GRID K2 Windows 2012 r2 non-virtualized server

I’am trying to use GRID K2 on bare metal server HP dl380p gen9. Card was bought with server from hp.
After driver 332.50-quadro-tesla-grid-winserv2008-2008r2-2012-64bit-international-whql.exe installation everything looks fine in device manager but no application is able to use direct3d acceleration.
DxDiag shows dxdiag —> Display —> Device: Microsoft Basic Display Driver
So it’s possible to use K2 on non-virtualized server with direct3d ?

Hi

This may help answer some of your questions:

https://gridforums.nvidia.com/default/topic/403/xenapp-with-nvidia-grid/xenapp-on-bare-metal-with-grid-/

I personally haven’t tried a bare-metal install using a GRID card (I’ve heard of others trying it, but I don’t understand the use case for it, use a Quadro if you want bare-metal), but it should work if configured correctly. Obviously, no vGPU will be available (as there is no virtualisation involved) and how the OS balances between the 2 GPUs (K2 has 2 GPUs), I’m unsure. I’ll have to try it in my lab to see how it performs.

Jason did a very handy video on how to check if it’s configured correctly. Remember, how you connect to it (protocol) will depend on the features made available:

Let us know how you get on.

Regards

Ben

You should also be aware that when using the card(s) without virtualisation you’re relying on the OS not the GRID software to share the load across multiple GPU’s.

In many cases we see that the Windows OS does not do this (particlularly for RDSH) and so the majority of load is placed on a single GPU. This is predominantly an OS limitation and so it is recommended that if you’re planning to use K2 with Windows Server OS you use it in conjunction with a hypervisor.

Thank you all for all the help !
In the end it worked on windows 2012 r2 with drivers downloaded from HP support site.
But now i’am trying to do similar setup but with Windows 2008 r2 sp1. With same drivers and same hardware with no luck 8((
In device manager i can see 2x Nvidia GRID k2 cards, but windows fail to detect displays for each card.
So dxdiag shows only 1 display. On windows 2012 dxdiag/device manager shows 3 displays.
Any suggestions ?

did you enable the RemoteFX in Group Policy?

I am attempting the same thing with Server 2016 and a K1. however I am getting the same 100% load on 1 GPU doesn’t distribute.

Enabling RemoteFX won’t fix it. You’re using the wrong tool for the job.

The Operating System doesn’t have the functionality to use multiple GPUs, and as Nvidia don’t support it for GRID, their driver won’t have the functionality for it either. What you’re seeing is expected, the Operating System will just load up 1 of the GPUs while the others sit there doing nothing.

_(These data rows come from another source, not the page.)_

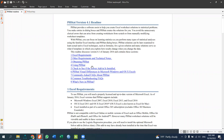That's how you download the PHStat file. PHStat is designed to help you create Excel worksheet solutions for statistical problems, and can be compared with other tools like Minitab.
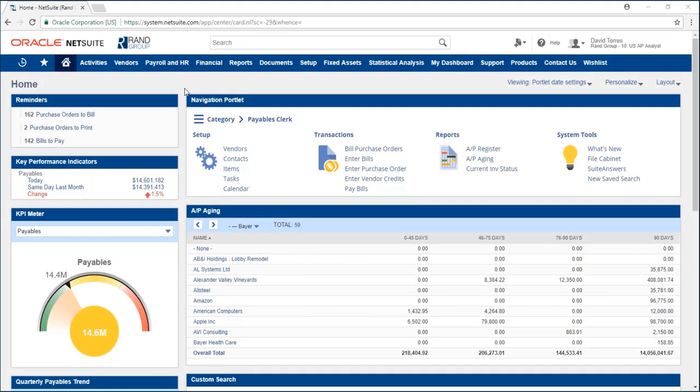Welcome to the NetSuite video series provided by Rangroup. My name is David Torres and in today's video I'll be demonstrating the process of creating a vendor bill and then making a bill payment. Let's get started.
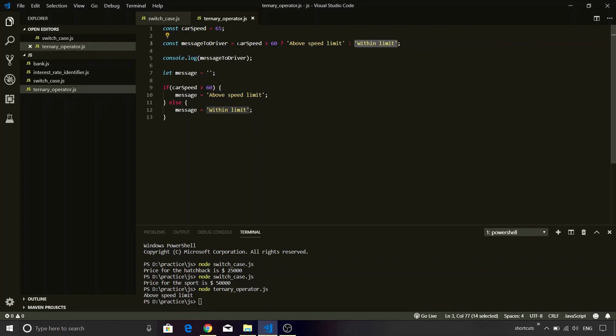So these are the three operands which are accepted by the ternary operator and there is no other operator which is doing that. Now based on all of these exercises, you must have realized that there are various options available in JavaScript when it comes to coding the conditions. Now each of these approaches that we discussed has its own unique appeal.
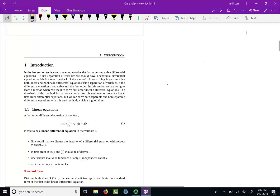In this lesson, we are going to continue to discuss how to solve first order differential equations. In the last method, we learned the method called separation of variables, where if your differential equation is separable, you can use separation of variables. Separation of variables is not a universal method — you cannot solve any first order differential equation by separation of variables.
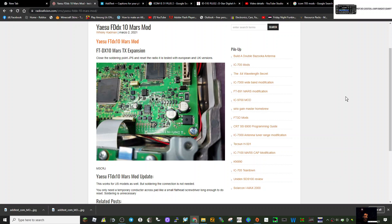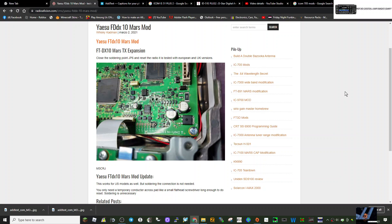Welcome to my channel, just a quick one on the FT DX10 Mars TX expansion. I definitely recommend this is done by a professional or workshop, as you can damage your radio if you attempt this.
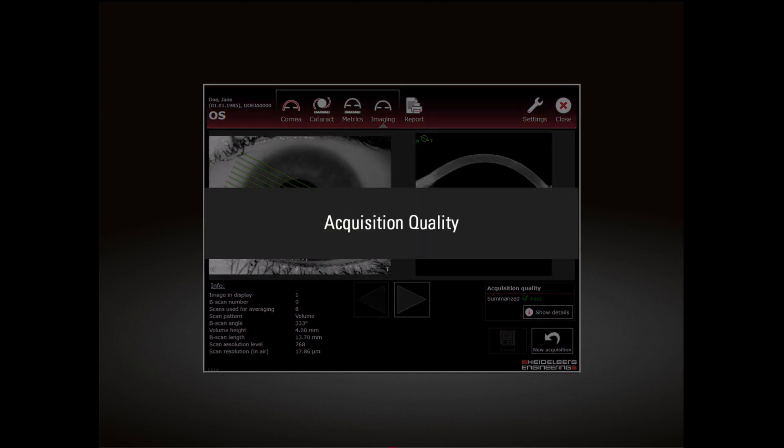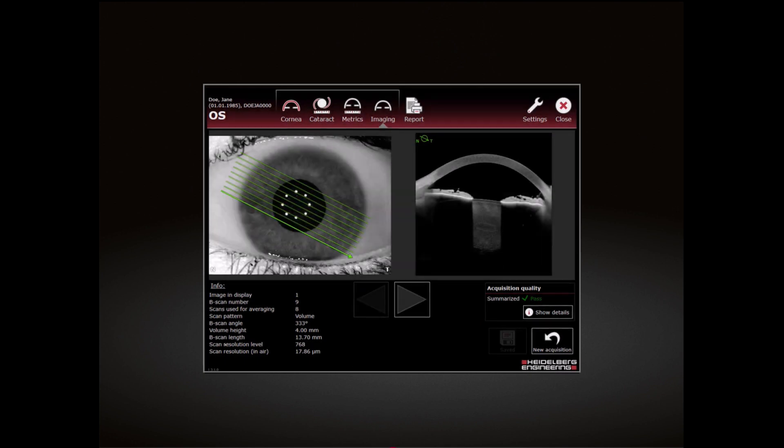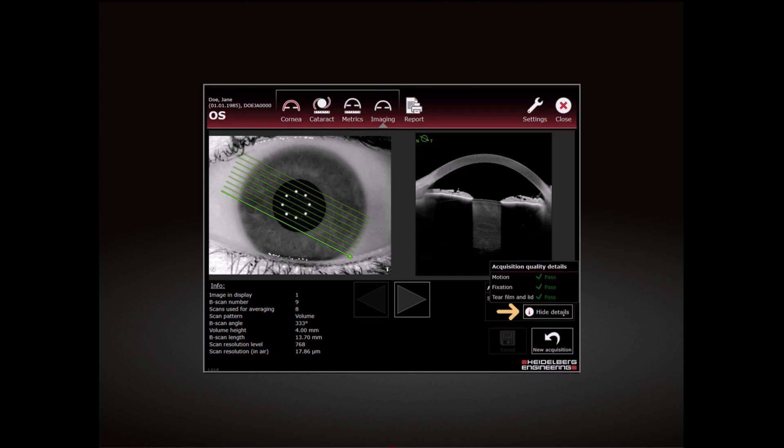Acquisition Quality: After the examination process is completed, the acquisition quality is checked. To display the detailed acquisition quality results, tap Show Details.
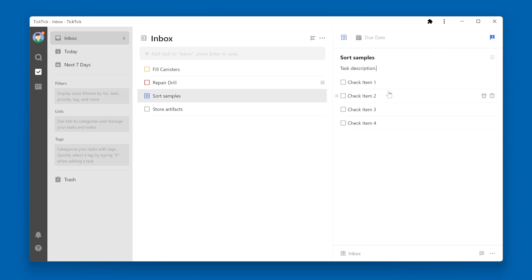You should also note that these checklist items are not the same as full-blown subtasks. Subtasks are standalone tasks within TickTick, whereas these checklist items are really just a subsection of the task description.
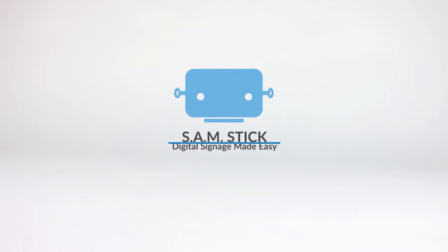The choice is yours. You can also enjoy the feature of remote control using your smartphone. That's digital signage made easy.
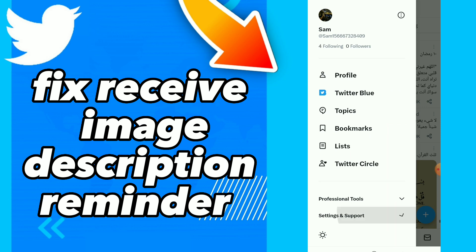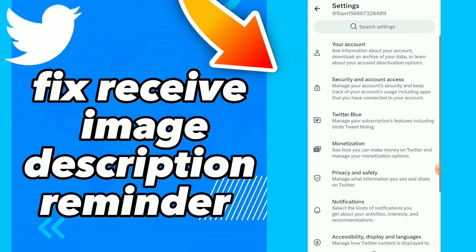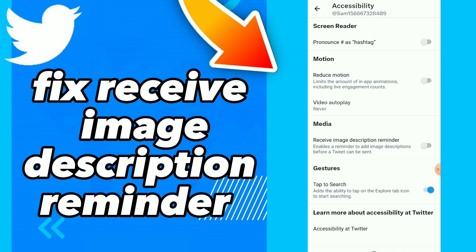Click on settings and support, click on accessibility, and scroll down. You will find 'receive image description reminder' and you can here turn on or off this option easy and quick. So this is it guys.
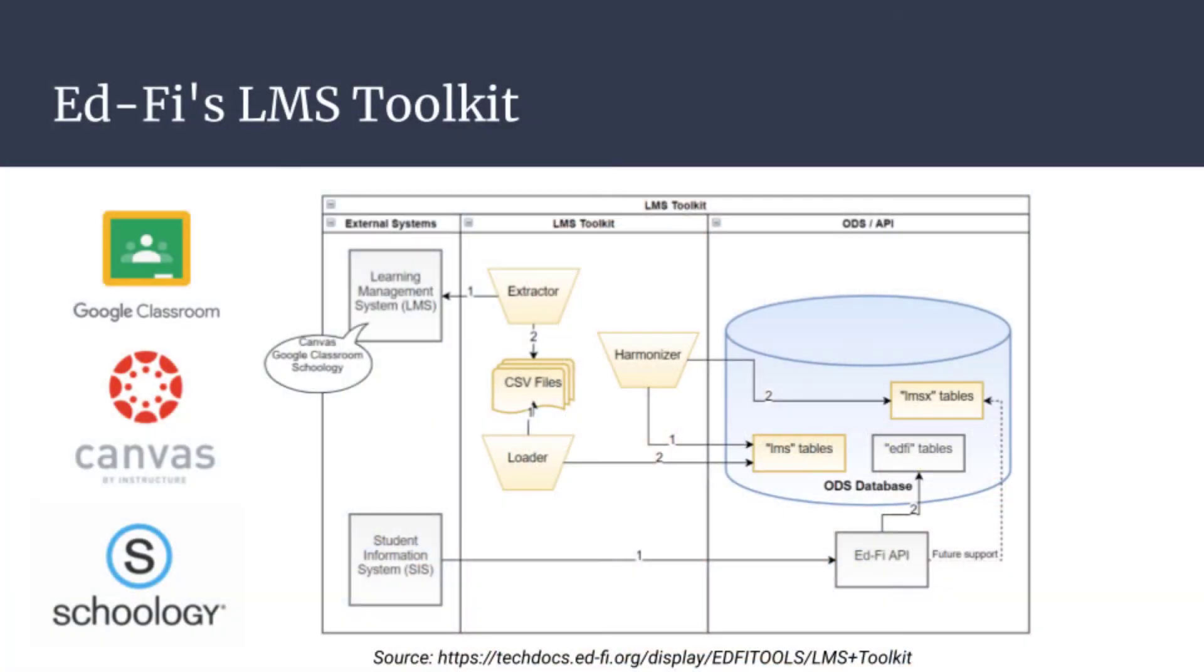In future videos, we are going to use DBT to actually query that data and put it in a better structure for our analytics. The structure that we're going to be using is the LMS Unified Data Model that's provided to us by EdFi.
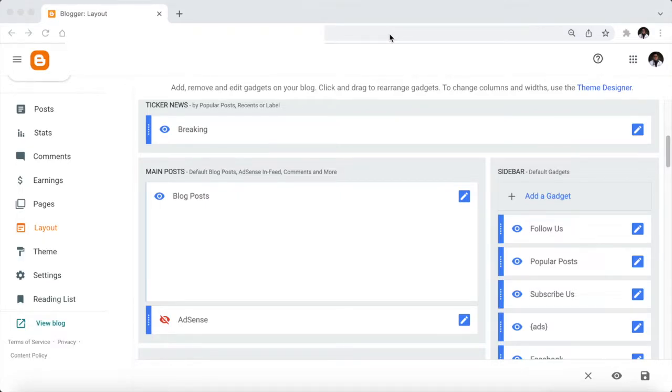Our topic for today is how do we hide the author name and author profile on your Blogger post for your website?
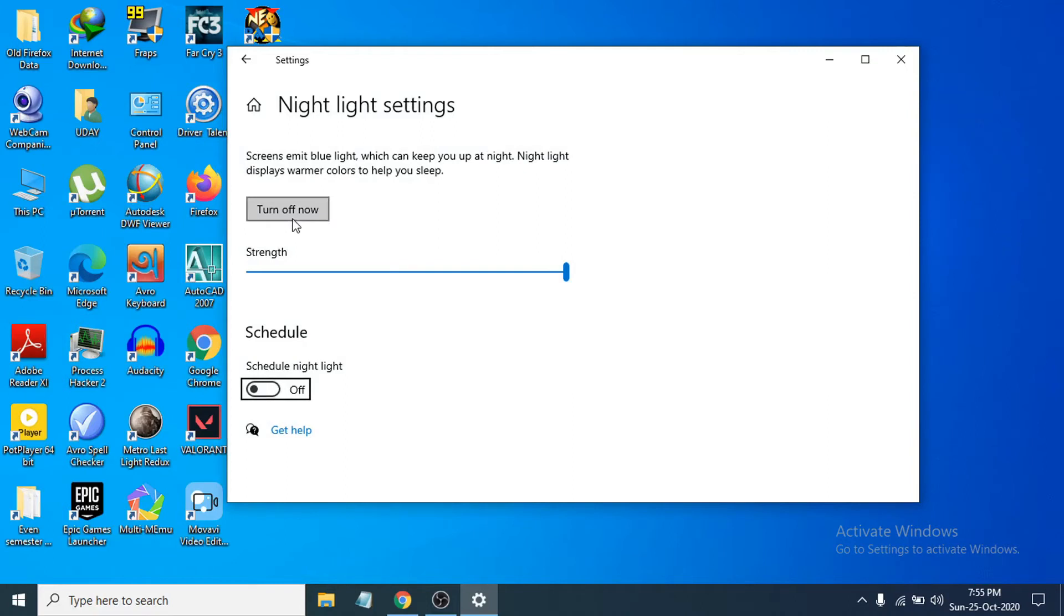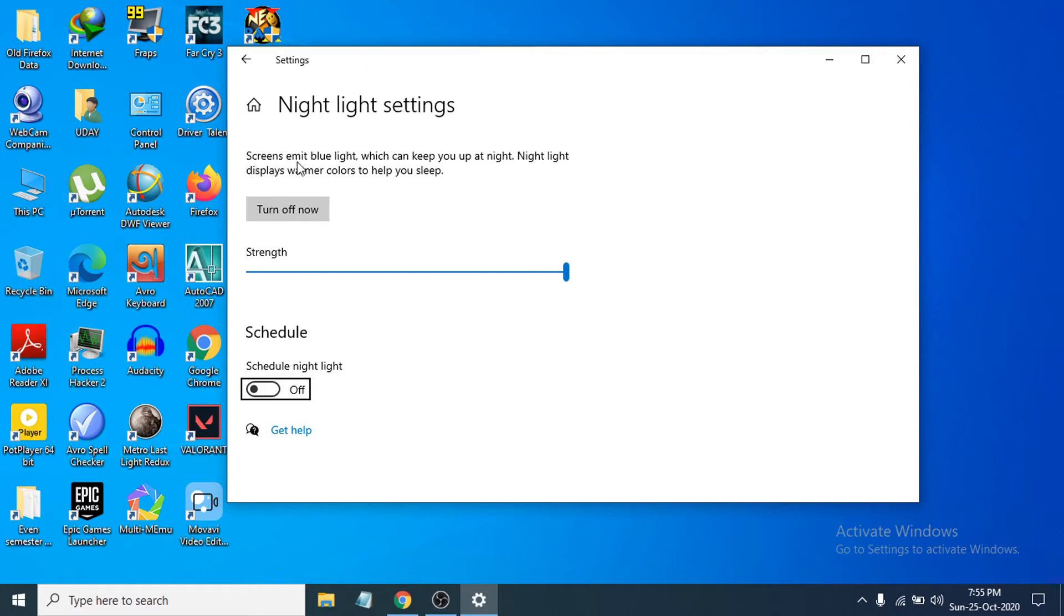If you see the turn off now option here, or turn on now, in your case you will see the turn off now option like this. This option says screens emit blue light which can keep you up at night. Night Light displays warmer colors. This is the setting you mistakenly turned on, and your PC monitor is now showing you the yellow tint.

granted but you will have the GPU and not the Microsoft default driver. you will only be able to use 1 GPU of it.

Hi Jason,

I fully understand that without virtualisation you’re relying on the OS not the GRID software to share the load across multiple GPU’s.
And I agree that Windows OS does not do this and particlularly for RDSH under Windows 2012R2.
But what about Windows 2016 ? it is listed as pre-production beta in https://griddownloads.nvidia.com/flex/GRID_4_Product_Support_Matrix.pdf, is there any pre-production beta driver/grid software ? (with have a Dell R730 with a K1 for testing).

In Virtual GPU Software User Guide :: NVIDIA Virtual GPU Software Documentation there is only documentation about Xen and VMWare. Is there any documentation for RemoteFX vGPU on RDVH/Hyper-V setup or/and Personal Session Desktops configuration (as RDSH is less performant because Windows can’t spread the load across the 4 GPU).